Lawmakers in Pennsylvania are showing off their business-friendly side with historic corporate net income tax rate reductions in legislation signed into law July 8, 2022.
Lawmakers in Pennsylvania are showing off their business-friendly side with substantial corporate net income tax rate reductions in legislation signed into law July 8, 2022. As part of the state’s tax reform, House Bill 1342 moves the Commonwealth’s net income tax from a high of 9.99% to below 5% within nine years. Other changes implemented with H.B. 1342 include market-based sourcing for intangible income and economic nexus for entities subject to the corporate net income tax.
Corporate net income tax rate reduction
Pennsylvania’s current corporate net income tax rate is 9.99%, making it one of the highest in the country. Six states—Alaska, Illinois, Iowa, Minnesota, New Jersey, and Pennsylvania—levy top marginal corporate income tax rates of 9 percent or higher (Tax Foundation).
H.B. 1342 reduces that rate incrementally over a nine-year period to 4.99%. This would put Pennsylvania in a class of eleven states that, as of today, have top rates at or below 5%—Arizona, Colorado, Indiana, Kentucky, Mississippi, Missouri, North Carolina, North Dakota, Oklahoma, South Carolina, and Utah (Tax Foundation).

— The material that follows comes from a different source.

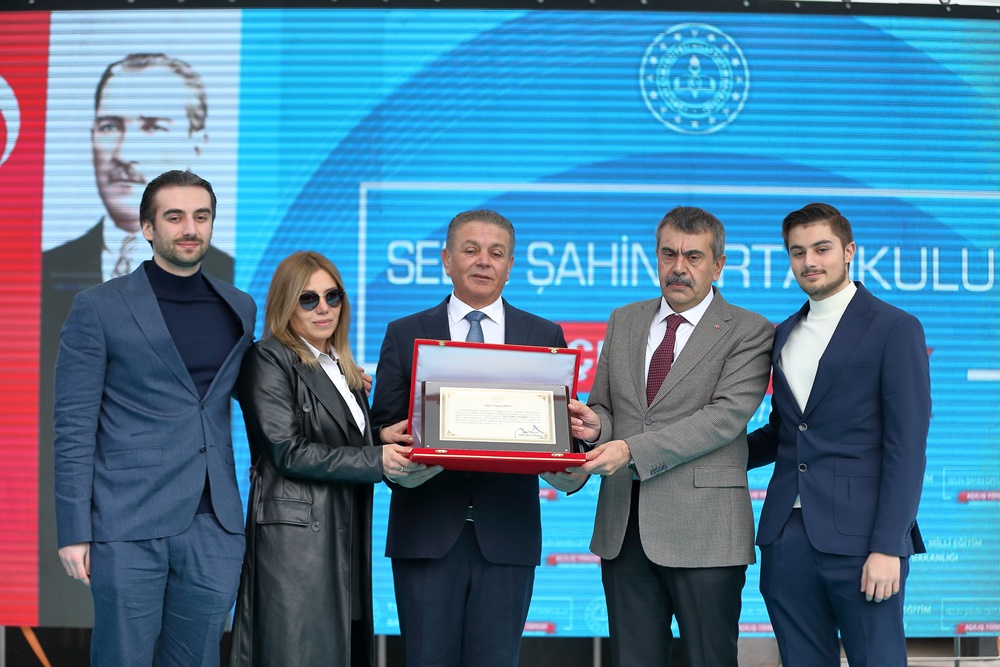 Bakan Tekin Çorum’da Ortaokul Açılışı Yaptı (7)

Pennsylvania’s corporate rate reductions will happen automatically according to a schedule and will occur independent of state revenues for the year. The first rate reduction occurs for the tax year 2023 drops the corporate net income tax rate from 9.99% to 8.99%. Further reductions are as follows.
- 8.49% for tax year 2024
- 7.99% for tax year 2025
- 7.49% for tax year 2026
- 6.99% for tax year 2027
- 6.49% for tax year 2028
- 5.99% for tax year 2029
- 5.49% for tax year 2030
- 4.99% for tax years 2031 and thereafter
H.B. 1342 codifies Corporation Tax Bulletin 2019-04 in which the Commonwealth tax authority announced that for tax years beginning on or after January 1, 2020, corporations meeting an economic nexus standard would be required to file corporate net income tax returns (unless protected under Public Law 86-272). Further, a corporation with $500,000+ in receipts sourced to Pennsylvania will have nexus with the Commonwealth without regard to physical presence in the state. Affiliated entities domiciled in a foreign nation that have entered into comprehensive income tax treaties with the United States are excepted in certain cases.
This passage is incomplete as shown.